July 28th, 2020
VIA EDGAR TRANSMISSION
Ms. Yolanda Guobadia
U.S. Securities and Exchange Commission
Division of Corporation Finance
100 F Street, NE
Washington, DC 20549
Re: | Petróleo Brasileiro S.A.–Petrobras |
| Form 20-F for Fiscal Year Ended December 31, 2019 |
Dear Ms. Guobadia:
By letter dated July 14, 2020, you provided certain comments on the annual report on Form 20-F of Petróleo Brasileiro S.A. – Petrobras (the “Company,” “Petrobras” or “we”) for the year ended December 31, 2019 (the “2019 Form 20-F”). This letter sets forth our responses to these comments. For your convenience, we have reproduced the comments below in italics and have provided responses immediately below each comment.
Comment 1: Segments Financial Performance, page 135
In your analysis of segment financial performance you attribute changes in net income, operating income and costs to a combination of several different factors.
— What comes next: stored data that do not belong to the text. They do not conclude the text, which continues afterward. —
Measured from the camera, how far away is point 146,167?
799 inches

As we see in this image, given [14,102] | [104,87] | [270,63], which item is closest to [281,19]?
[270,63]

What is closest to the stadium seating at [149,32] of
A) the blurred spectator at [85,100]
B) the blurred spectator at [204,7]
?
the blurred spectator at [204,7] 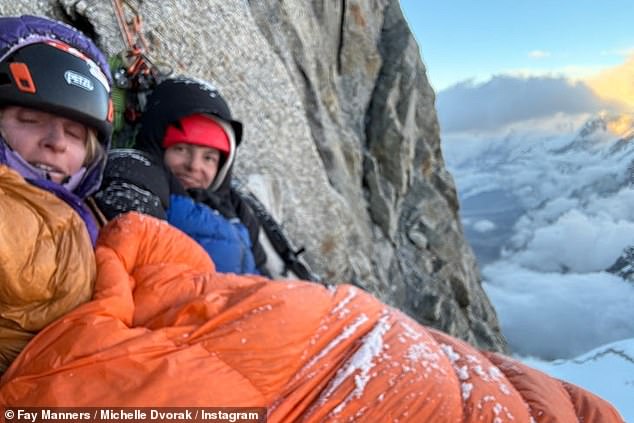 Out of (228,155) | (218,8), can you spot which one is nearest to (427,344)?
(228,155)

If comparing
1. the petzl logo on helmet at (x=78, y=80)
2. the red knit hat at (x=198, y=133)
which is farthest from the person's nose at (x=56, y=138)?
the red knit hat at (x=198, y=133)

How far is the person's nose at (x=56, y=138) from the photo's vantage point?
2.50 metres

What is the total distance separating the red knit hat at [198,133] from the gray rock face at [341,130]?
1583 mm

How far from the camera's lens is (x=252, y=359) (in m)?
1.85

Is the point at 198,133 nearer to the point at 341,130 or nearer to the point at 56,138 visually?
the point at 56,138

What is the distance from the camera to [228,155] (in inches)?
172

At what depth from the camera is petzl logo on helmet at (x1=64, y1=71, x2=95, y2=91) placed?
255 centimetres

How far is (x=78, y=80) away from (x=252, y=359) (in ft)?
6.00

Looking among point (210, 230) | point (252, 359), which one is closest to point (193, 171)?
point (210, 230)

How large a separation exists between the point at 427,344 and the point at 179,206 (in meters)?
2.26

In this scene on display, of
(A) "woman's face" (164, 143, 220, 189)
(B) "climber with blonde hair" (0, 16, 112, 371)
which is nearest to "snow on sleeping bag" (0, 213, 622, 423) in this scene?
(B) "climber with blonde hair" (0, 16, 112, 371)

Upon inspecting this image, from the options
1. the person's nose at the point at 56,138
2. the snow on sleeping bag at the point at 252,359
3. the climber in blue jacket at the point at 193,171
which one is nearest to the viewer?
the snow on sleeping bag at the point at 252,359

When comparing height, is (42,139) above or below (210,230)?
above

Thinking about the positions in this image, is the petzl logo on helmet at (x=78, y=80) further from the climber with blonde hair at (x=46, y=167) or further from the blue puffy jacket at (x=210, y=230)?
the blue puffy jacket at (x=210, y=230) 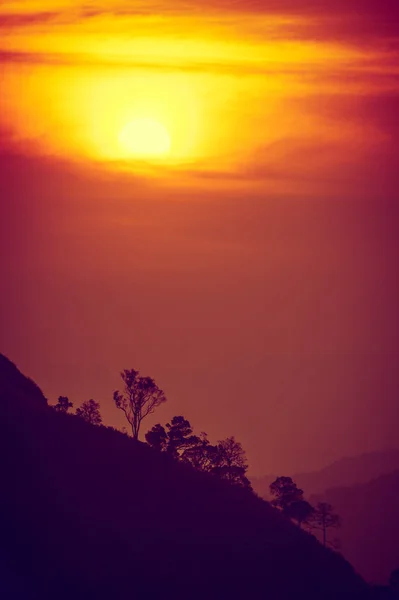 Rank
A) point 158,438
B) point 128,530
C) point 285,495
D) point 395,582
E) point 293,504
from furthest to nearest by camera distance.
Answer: point 285,495 < point 293,504 < point 395,582 < point 158,438 < point 128,530

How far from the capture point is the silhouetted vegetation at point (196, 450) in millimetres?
166875

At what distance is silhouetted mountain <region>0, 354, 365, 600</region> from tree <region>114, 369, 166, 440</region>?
7.99 metres

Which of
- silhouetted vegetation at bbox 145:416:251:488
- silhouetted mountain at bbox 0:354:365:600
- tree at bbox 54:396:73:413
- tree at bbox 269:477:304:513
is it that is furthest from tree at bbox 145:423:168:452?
tree at bbox 269:477:304:513

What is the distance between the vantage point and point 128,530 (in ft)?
445

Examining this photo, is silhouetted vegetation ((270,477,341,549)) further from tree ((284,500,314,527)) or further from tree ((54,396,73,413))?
tree ((54,396,73,413))

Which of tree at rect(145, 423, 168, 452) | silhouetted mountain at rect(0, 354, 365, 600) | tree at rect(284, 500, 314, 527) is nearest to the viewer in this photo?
silhouetted mountain at rect(0, 354, 365, 600)

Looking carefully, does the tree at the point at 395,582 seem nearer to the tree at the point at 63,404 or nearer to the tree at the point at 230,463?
the tree at the point at 230,463

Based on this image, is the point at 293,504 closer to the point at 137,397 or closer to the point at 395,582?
the point at 395,582

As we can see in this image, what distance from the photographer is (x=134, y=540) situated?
134m

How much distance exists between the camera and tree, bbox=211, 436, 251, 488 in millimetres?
171425

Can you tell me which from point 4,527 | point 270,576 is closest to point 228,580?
point 270,576

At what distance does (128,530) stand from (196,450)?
3503cm

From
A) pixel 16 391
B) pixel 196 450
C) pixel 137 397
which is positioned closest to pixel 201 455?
pixel 196 450

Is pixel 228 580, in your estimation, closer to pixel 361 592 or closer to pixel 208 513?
pixel 208 513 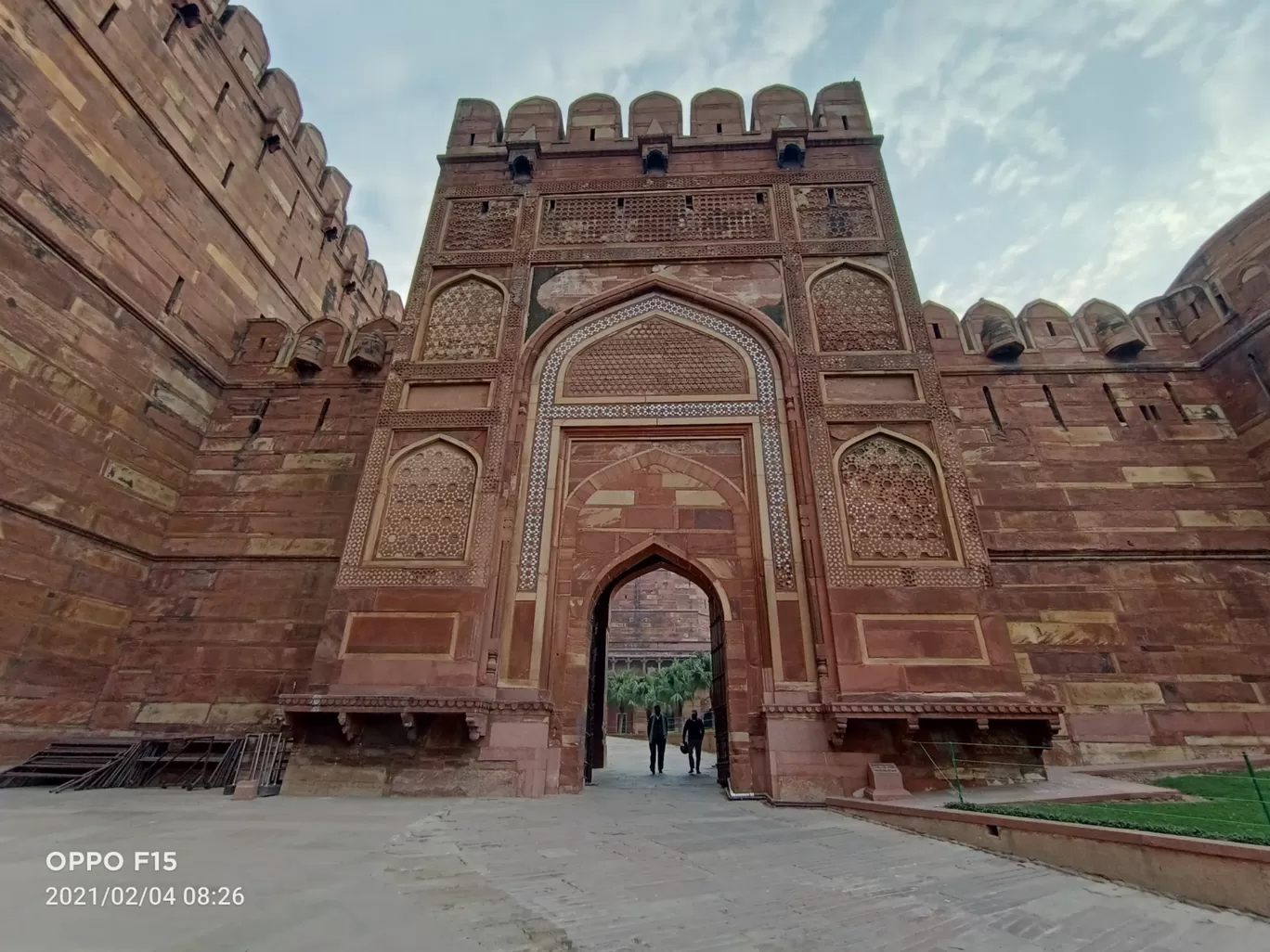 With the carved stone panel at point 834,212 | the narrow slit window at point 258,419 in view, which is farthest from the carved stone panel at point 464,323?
the carved stone panel at point 834,212

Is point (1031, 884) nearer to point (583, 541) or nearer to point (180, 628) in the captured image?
point (583, 541)

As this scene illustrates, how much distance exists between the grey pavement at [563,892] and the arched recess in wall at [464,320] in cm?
594

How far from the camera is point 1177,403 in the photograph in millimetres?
8836

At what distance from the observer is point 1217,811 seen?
3609mm

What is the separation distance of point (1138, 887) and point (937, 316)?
28.3 ft

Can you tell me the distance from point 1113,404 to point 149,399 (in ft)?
44.9

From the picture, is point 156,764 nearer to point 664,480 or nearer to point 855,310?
point 664,480

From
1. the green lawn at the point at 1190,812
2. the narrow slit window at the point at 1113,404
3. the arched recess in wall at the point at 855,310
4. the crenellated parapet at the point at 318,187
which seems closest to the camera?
the green lawn at the point at 1190,812

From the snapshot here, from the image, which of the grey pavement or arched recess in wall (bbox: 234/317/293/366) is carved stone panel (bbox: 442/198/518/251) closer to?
arched recess in wall (bbox: 234/317/293/366)

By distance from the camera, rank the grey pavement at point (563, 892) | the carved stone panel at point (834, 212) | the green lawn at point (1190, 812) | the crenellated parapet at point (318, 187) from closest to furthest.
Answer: the grey pavement at point (563, 892), the green lawn at point (1190, 812), the carved stone panel at point (834, 212), the crenellated parapet at point (318, 187)

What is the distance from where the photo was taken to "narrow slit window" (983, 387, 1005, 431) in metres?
8.88

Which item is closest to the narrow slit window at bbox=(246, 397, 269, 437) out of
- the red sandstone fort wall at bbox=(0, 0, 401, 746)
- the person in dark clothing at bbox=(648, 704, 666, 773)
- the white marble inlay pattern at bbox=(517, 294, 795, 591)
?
the red sandstone fort wall at bbox=(0, 0, 401, 746)

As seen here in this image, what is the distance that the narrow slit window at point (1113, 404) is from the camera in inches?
346

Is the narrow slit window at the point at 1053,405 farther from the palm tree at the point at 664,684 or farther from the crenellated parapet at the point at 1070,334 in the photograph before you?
the palm tree at the point at 664,684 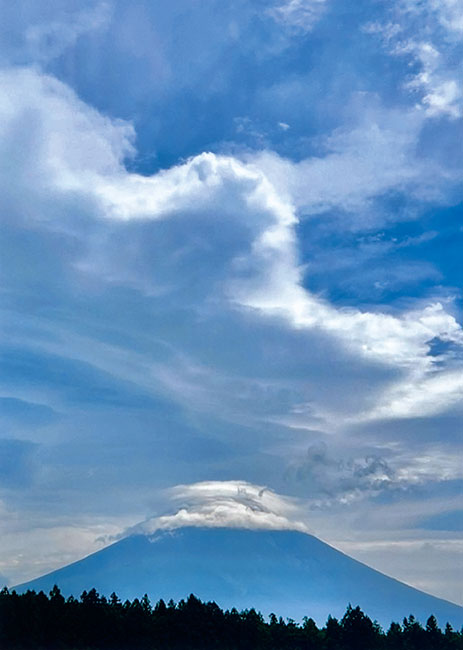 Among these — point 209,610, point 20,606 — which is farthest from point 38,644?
point 209,610

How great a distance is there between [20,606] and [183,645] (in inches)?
545

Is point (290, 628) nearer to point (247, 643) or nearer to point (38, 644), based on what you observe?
point (247, 643)

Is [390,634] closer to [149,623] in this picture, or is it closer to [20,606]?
[149,623]

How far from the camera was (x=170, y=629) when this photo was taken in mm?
62594

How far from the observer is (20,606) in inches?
2237

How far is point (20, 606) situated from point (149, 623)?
10935 mm

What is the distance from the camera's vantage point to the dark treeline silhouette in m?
56.8

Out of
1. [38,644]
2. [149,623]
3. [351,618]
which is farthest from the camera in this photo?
[351,618]

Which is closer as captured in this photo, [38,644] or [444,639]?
[38,644]

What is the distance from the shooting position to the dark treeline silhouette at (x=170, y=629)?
56.8 metres

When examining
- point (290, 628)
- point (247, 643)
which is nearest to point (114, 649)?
point (247, 643)

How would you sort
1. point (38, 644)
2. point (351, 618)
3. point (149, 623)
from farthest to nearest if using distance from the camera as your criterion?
point (351, 618) → point (149, 623) → point (38, 644)

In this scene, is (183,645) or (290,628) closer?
(183,645)

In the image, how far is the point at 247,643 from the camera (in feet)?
216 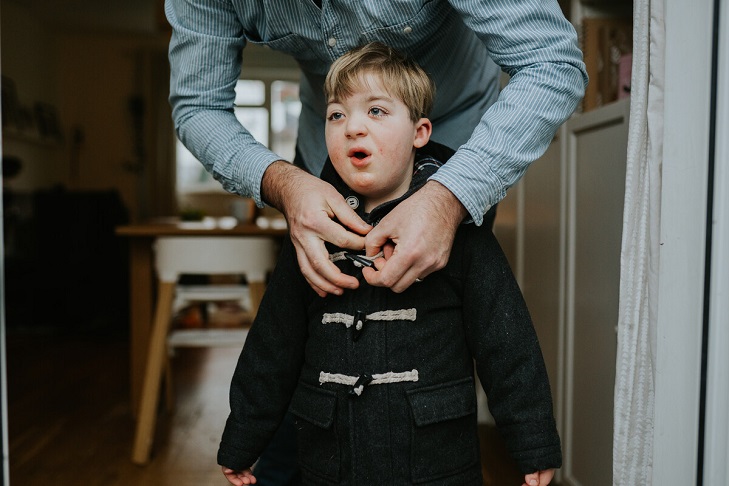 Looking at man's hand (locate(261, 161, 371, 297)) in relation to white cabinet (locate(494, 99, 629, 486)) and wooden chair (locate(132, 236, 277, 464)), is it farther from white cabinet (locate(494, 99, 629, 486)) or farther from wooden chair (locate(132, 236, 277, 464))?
wooden chair (locate(132, 236, 277, 464))

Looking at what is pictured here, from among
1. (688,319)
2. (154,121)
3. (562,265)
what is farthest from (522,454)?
(154,121)

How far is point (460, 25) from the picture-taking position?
123 cm

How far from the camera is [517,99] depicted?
98cm

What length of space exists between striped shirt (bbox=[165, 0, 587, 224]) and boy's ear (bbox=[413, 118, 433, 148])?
0.29 ft

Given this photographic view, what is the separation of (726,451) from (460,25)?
79 centimetres

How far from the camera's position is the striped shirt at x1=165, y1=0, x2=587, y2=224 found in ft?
3.22

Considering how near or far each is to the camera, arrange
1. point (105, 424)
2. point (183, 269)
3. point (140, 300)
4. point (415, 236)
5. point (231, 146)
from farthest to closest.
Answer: point (140, 300)
point (105, 424)
point (183, 269)
point (231, 146)
point (415, 236)

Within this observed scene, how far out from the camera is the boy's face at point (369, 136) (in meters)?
1.02

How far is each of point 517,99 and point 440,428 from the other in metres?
0.49

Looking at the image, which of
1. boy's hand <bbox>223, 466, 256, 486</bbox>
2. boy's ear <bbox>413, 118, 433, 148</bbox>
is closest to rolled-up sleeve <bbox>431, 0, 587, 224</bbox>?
boy's ear <bbox>413, 118, 433, 148</bbox>

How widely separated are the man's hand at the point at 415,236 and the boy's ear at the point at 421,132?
15cm

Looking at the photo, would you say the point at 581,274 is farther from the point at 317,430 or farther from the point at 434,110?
the point at 317,430

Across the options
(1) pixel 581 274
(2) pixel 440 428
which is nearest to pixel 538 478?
(2) pixel 440 428

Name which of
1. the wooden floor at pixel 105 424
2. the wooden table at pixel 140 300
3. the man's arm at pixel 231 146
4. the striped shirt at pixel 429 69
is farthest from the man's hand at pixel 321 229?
the wooden table at pixel 140 300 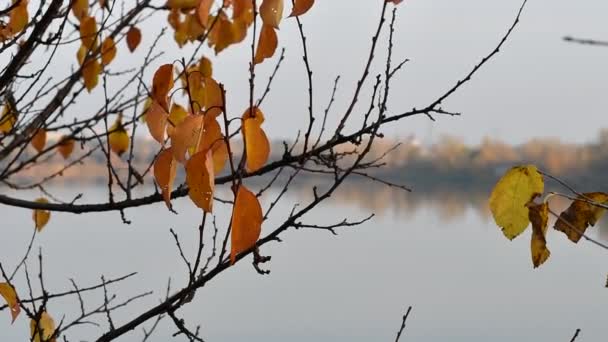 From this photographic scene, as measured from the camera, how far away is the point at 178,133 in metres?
0.76

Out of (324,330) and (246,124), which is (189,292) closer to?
(246,124)

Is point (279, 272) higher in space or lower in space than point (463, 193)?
lower

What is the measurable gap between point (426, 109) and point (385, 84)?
7cm

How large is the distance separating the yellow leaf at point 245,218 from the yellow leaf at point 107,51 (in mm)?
1011

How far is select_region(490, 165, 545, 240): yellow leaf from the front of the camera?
0.79m

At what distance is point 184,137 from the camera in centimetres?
76

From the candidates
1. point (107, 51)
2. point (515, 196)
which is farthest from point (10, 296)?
point (515, 196)

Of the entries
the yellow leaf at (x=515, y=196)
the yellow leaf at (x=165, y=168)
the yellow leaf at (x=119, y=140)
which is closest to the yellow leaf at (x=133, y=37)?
the yellow leaf at (x=119, y=140)

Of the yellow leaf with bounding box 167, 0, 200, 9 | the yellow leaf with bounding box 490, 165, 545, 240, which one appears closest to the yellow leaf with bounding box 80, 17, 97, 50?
the yellow leaf with bounding box 167, 0, 200, 9

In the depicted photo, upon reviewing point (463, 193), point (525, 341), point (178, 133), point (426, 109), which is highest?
point (463, 193)

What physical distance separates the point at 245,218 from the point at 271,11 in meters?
0.28

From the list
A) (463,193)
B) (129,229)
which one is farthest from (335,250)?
(463,193)

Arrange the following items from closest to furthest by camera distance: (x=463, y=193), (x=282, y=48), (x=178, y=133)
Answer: (x=178, y=133) < (x=282, y=48) < (x=463, y=193)

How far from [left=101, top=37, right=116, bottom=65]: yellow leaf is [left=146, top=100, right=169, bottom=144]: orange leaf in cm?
85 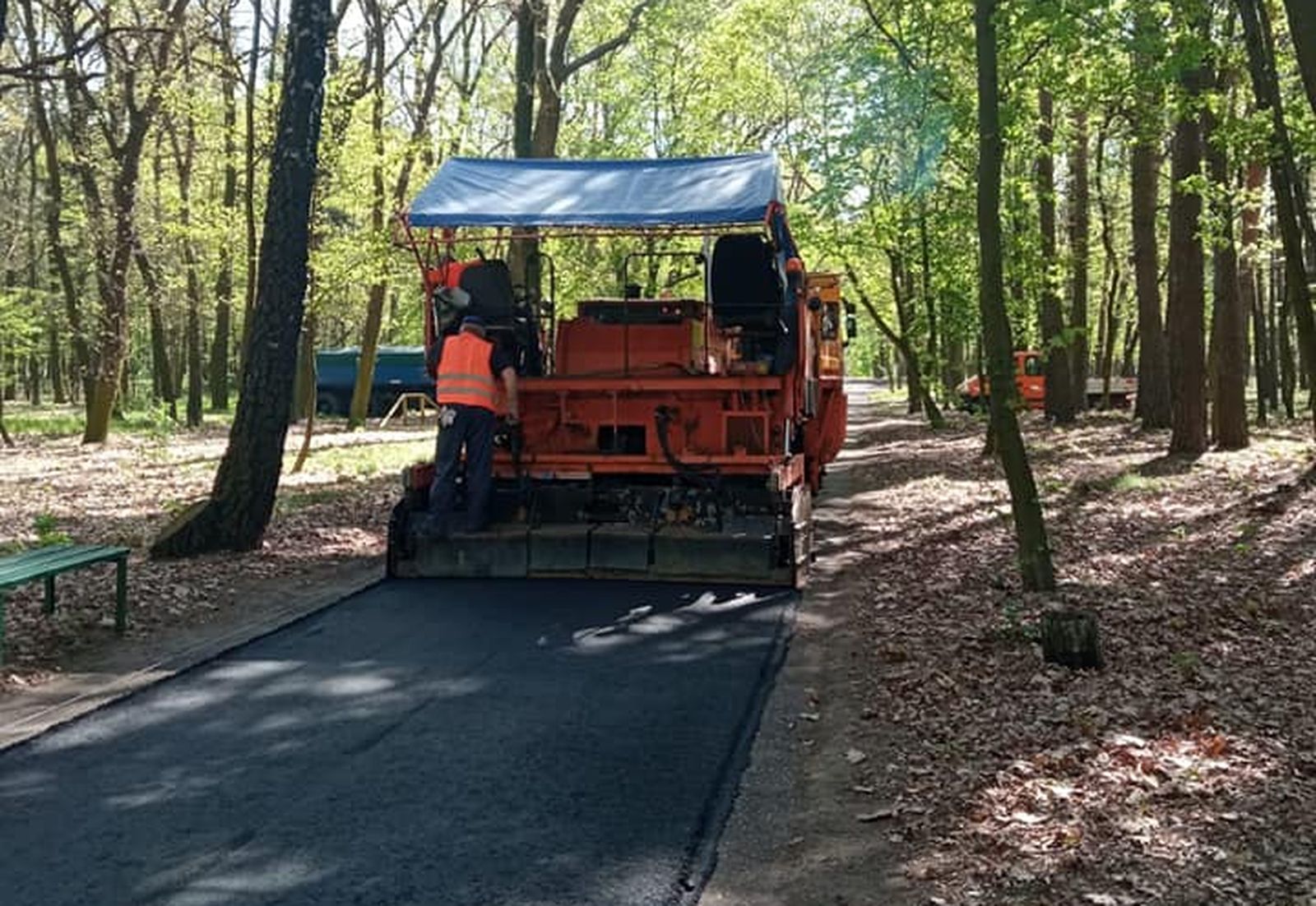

When multiple factors contribute to changes in segment results, please quantify each material factor to provide investors with better insight into the underlying reasons for the changes in your results. Refer to Instruction 4 to Item 303(a) of Regulation S-K and Section III.D of Release No. 33-6835.
Response:
We explain below each material factor that contributed to changes in net income, operating income and costs, per each of our main business segments. In response to the staff’s comment, we intend to quantify each material factor that contributes to changes in segment results in future filings.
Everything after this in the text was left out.